LA CYGNE, Kan. (WDAF) — Some homeowners living in Linn County say their homeowners’ association (HOA) prevents people from accessing their homes.

Tanglewood Lakes is a private community 60 miles south of Kansas City. It consists of three lakes and an estimated 2,200 property owners.

“It’s such a hidden treasure,” said property owner Sherri Toynbee.

“I love the quiet, the serenity, the peace of mind that you get that comes with that country,” said Eva Riojas.

Several people who live around the lake say the HOA is the one thing that spoils it all. They also say rules are not enforced equally.

“There’s always going to be disagreements. There’s always going to be debates about how rules should be and how they should be applied. But, what we have seen in Tanglewood in last couple of years is a trend that has been very harmful, hurtful, non-compassionate and inhumane,” said John Ivan, an attorney in Merriam.

This is a fight that has been happening silently for at least four years.

Neighbors tell WDAF it does not matter if you pay your annual $200 HOA dues, you could lose your gate access at any moment, and it’s all up to the board’s discretion.

A 54-page Department of Housing and Urban Development (HUD) report shows that gate access for 737 people was deactivated between October 2018 and October 2020, all due to violations.
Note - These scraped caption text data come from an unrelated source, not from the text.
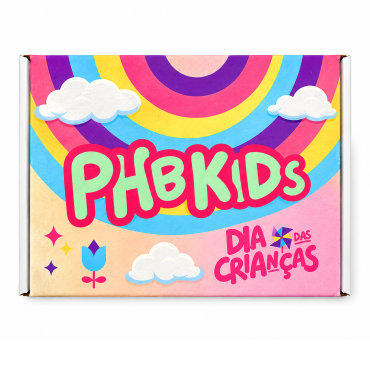 Papelaria CutePanda -  PHB KIDS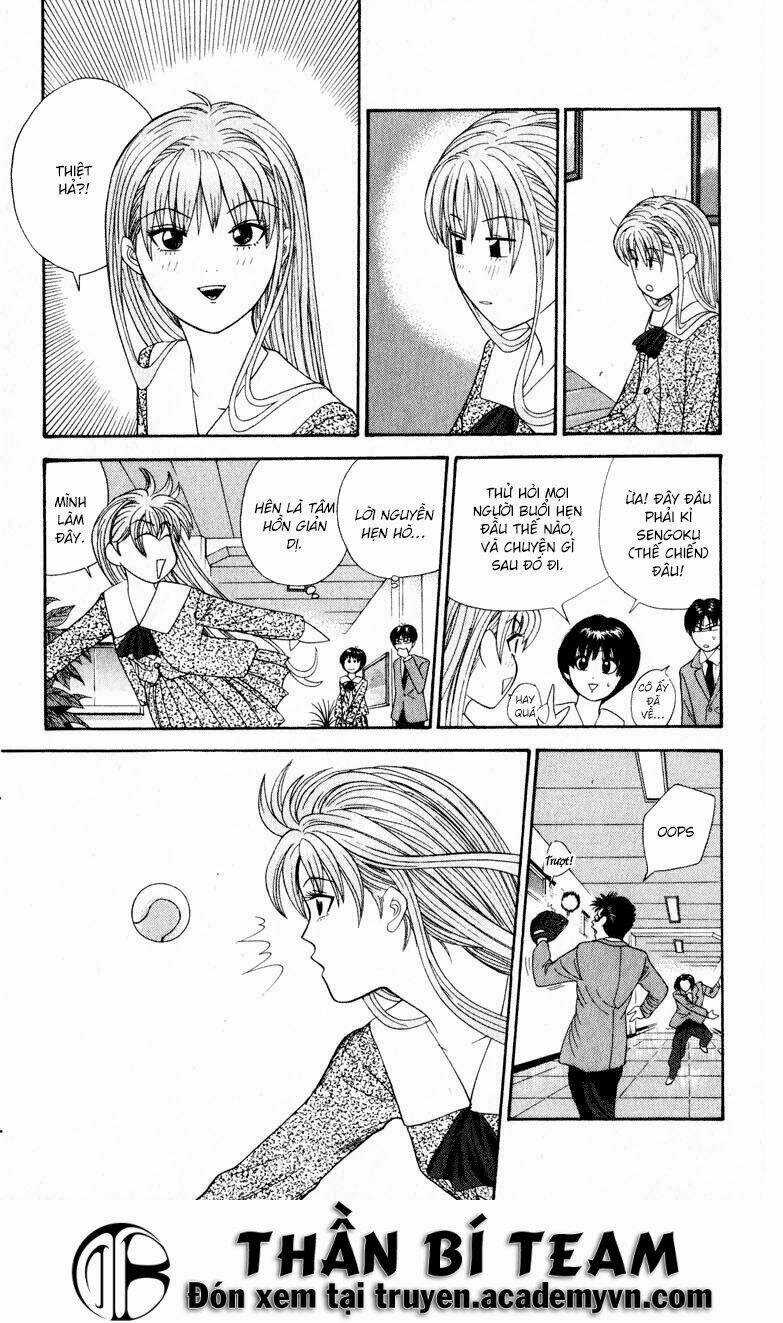 Thiên Sứ Tráo Trở Chapter 29 trang 11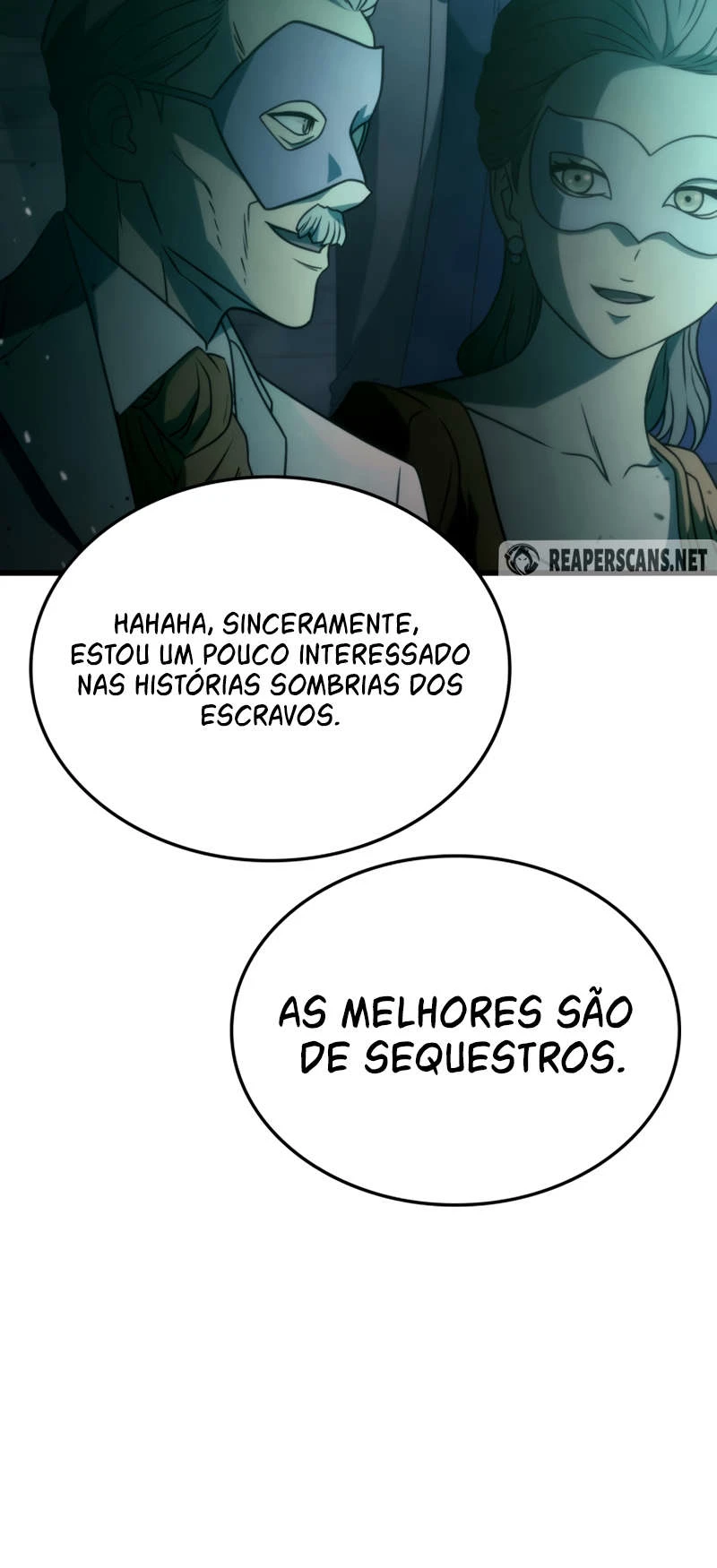 Revenge of the Baskerville Bloodhound — Cap. 168, pág. 10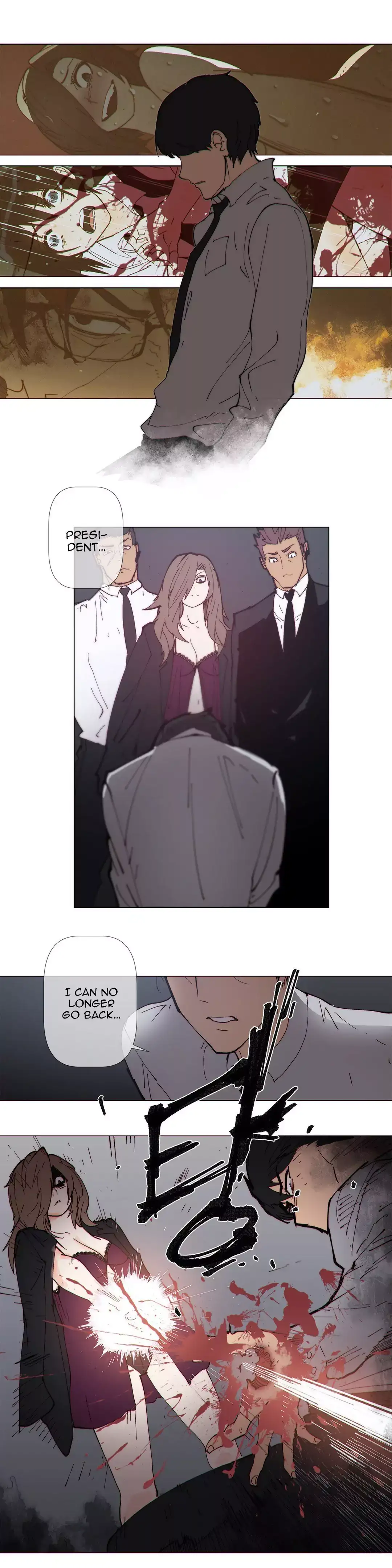 Household Affairs - Chapter 61 [photo 11] - MangaPorn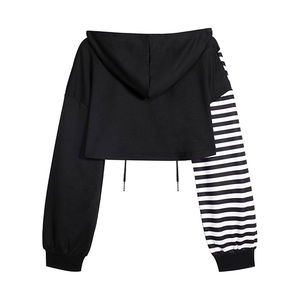 Sweat-shirts à capuche pour femmes, coupe ajustée, respirants, anti-boulochage, coupe-vent, style décontracté d'hiver, logo frontal, col à capuche, pour adultes - Product Image 4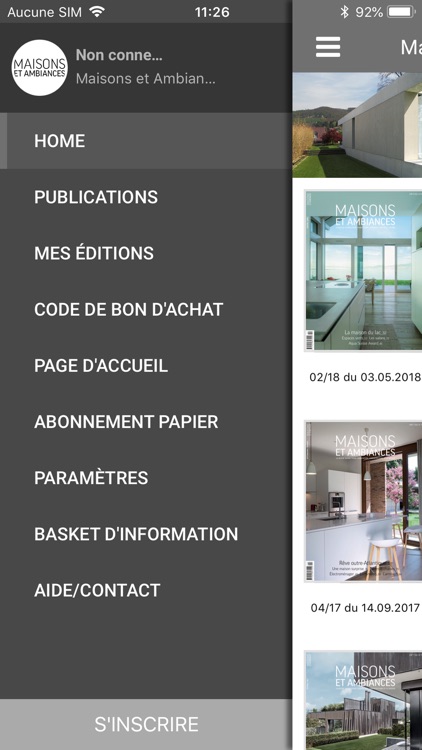 Maisons et Ambiances screenshot-4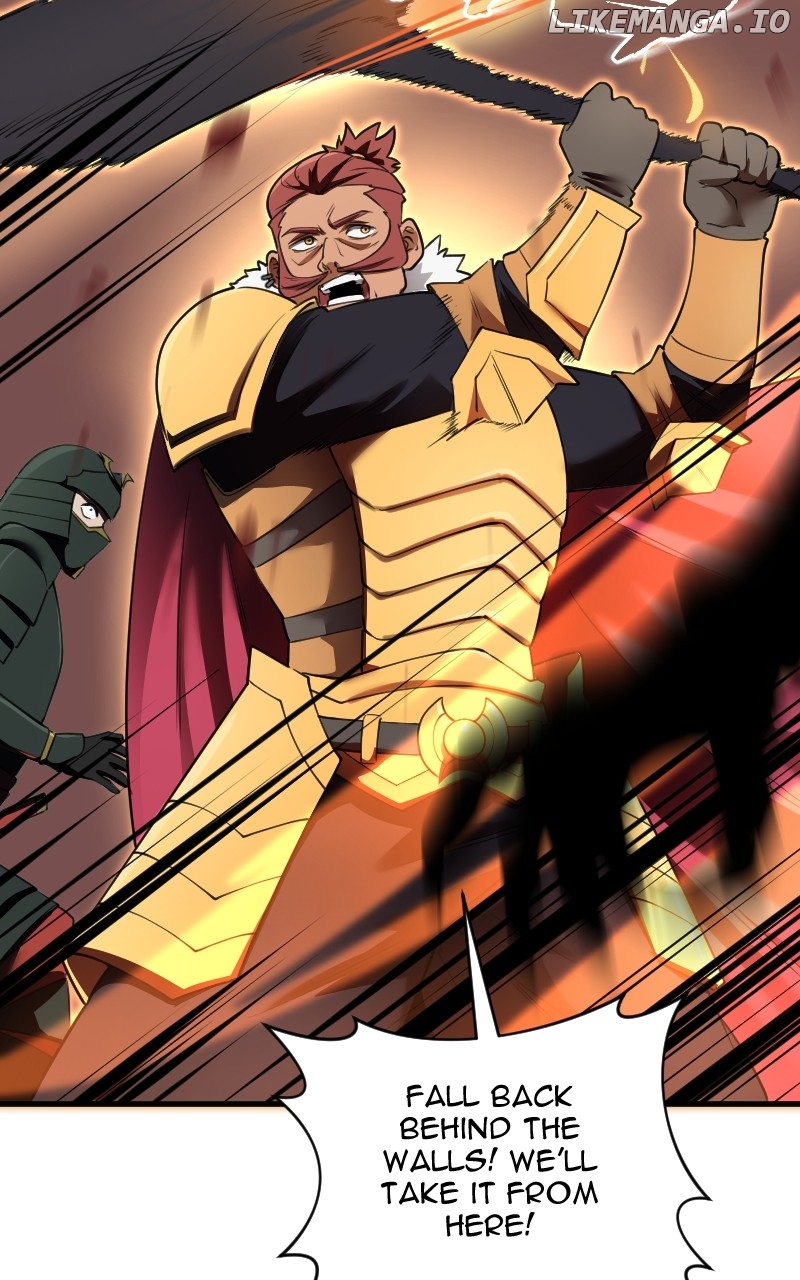 Fist Wielder Chapter 58 - page 44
“They won’t give us gate cards to go in and out, so we are like a prisoner on our own property,” said James Horton.

Sherri Toynbee is one of the hundreds who lost access to the community and their homes.
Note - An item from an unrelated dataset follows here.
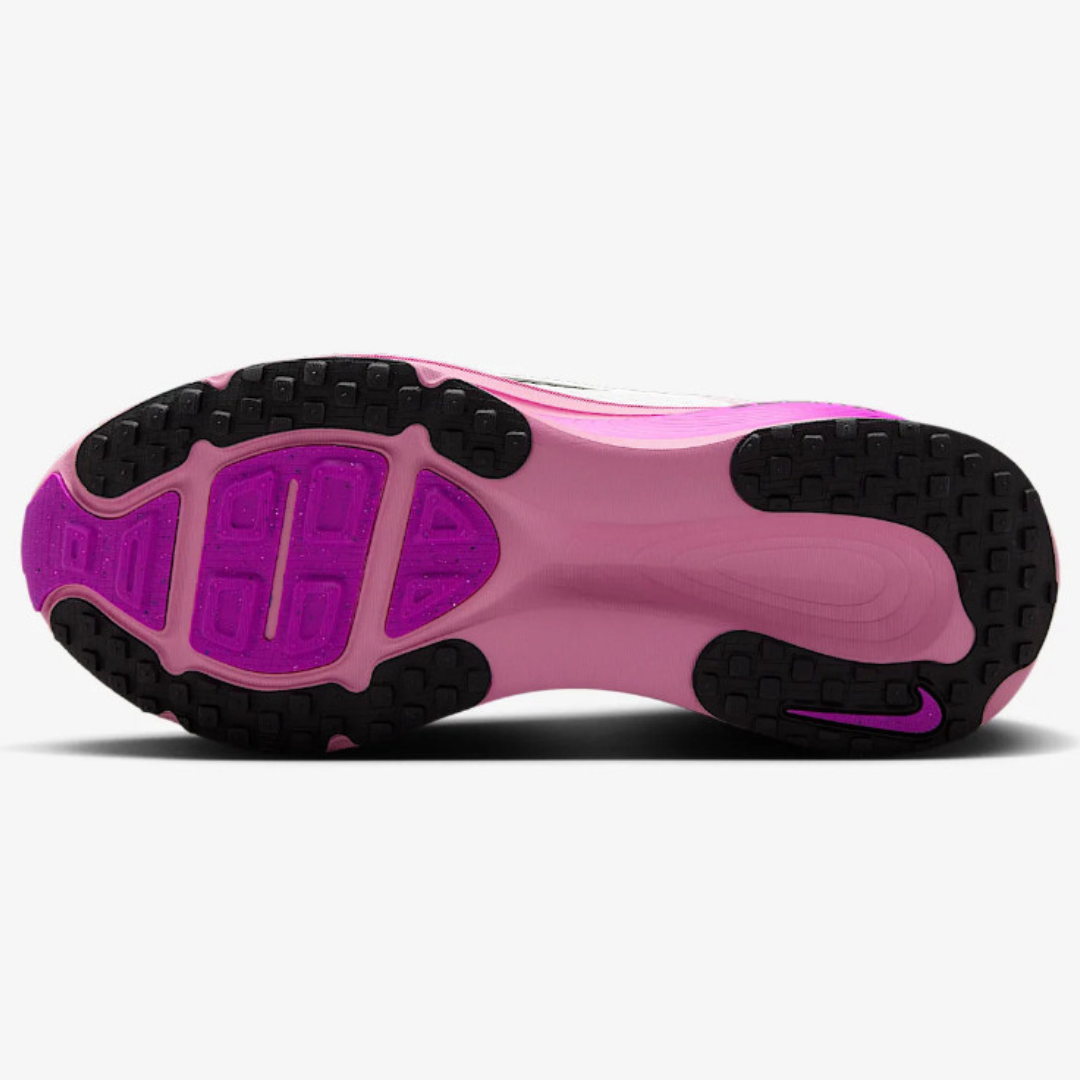 Nike Vomero 18™ – Blanc lumineux/Violet vif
“We lost total gate access since March of last year. They tell us we can leave but not return,” Toynbee said.

Toynbee said her nightmare began when she purchased two alpacas in 2020. She was later told the animals were a violation of the HOA covenant.

She claims the board tried to remove them from her property forcibly, even though they are registered as emotional support animals, authorized by her doctor and secured behind six-foot privacy fences.
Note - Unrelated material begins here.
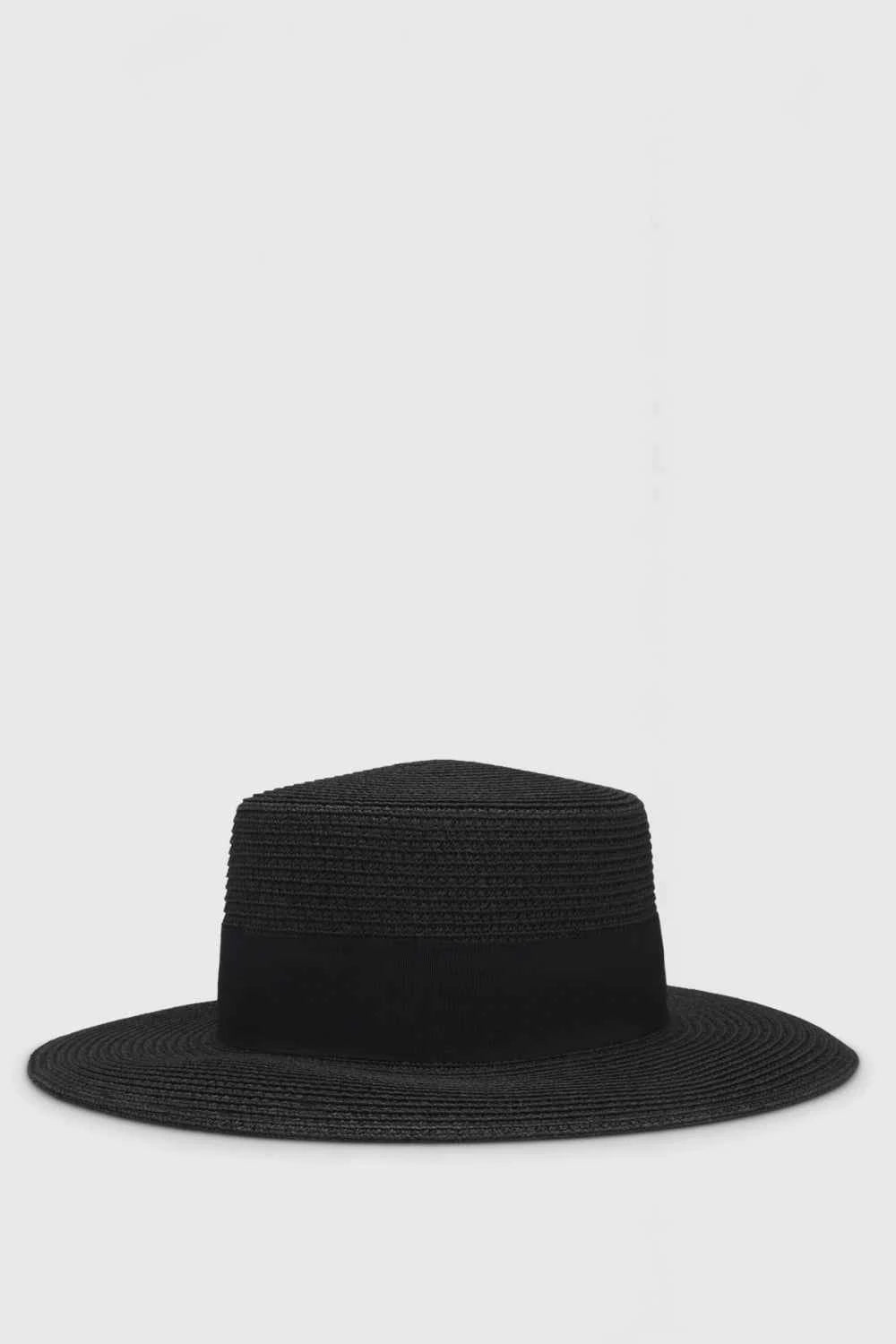 Boater Hat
“There was literally four to six sheriff patrol up there with a tow truck and trailer. They were coming to get them. They were literally going to forcefully come on our land and remove them,” Toynbee said.

Another family of nine told WDAF that they were forced to spend brutal winter months living in tents after the HOA had them remove their campers, then denied their approval for a building permit.

“There’s other people who’ve lived out here for years in their campers and still have their campers, but us, we have a family of nine out here. Came in and took our campers and told us, we’re not even allowed to bring our campers back out here,” Horton said. “Because of their rules and what they want to throw at certain people, this is what they’ve left us with.”

Kansas law allows HOAs to be creative and allows foreclosure on a property for unpaid feeds, dues, and other violations. However, Ivan, the attorney representing the Toynbee family, says HOAs cannot limit access to homes. Ivan says that is a violation of the law.

He believes the bylaws and covenants may not even be valid in this particular case. So he’s in court trying to fight the legality of the group.

“The covenant instituted by Lake Estates inc. in the 1970s gave five years to review and revise covenant from original developers. According to the records, there’s never been another covenant. It indicates at that point, it ended,” Ivan said. “But they have gone and enlarged their claims.”

“We’re not trying to destroy the association, we’re trying to protect the association, made up of all the unit owners, so that it can be fairly administered and managed,” Ivan said.

WDAF made multiple requests to speak with the HOA vice president and head of security Tate West on camera, but he declined. Instead, WDAF was promised a written statement that has not arrived yet.

“I think that at some point and time, there has to come humanity in government. We’ve tried to take it to court. We’ve tried to have it adjudicated. We’ve tried to do everything the legal way and have gotten nowhere,” Riojas said.

Ivan filed a court order asking the court to immediately and temporarily take over the management of the HOA.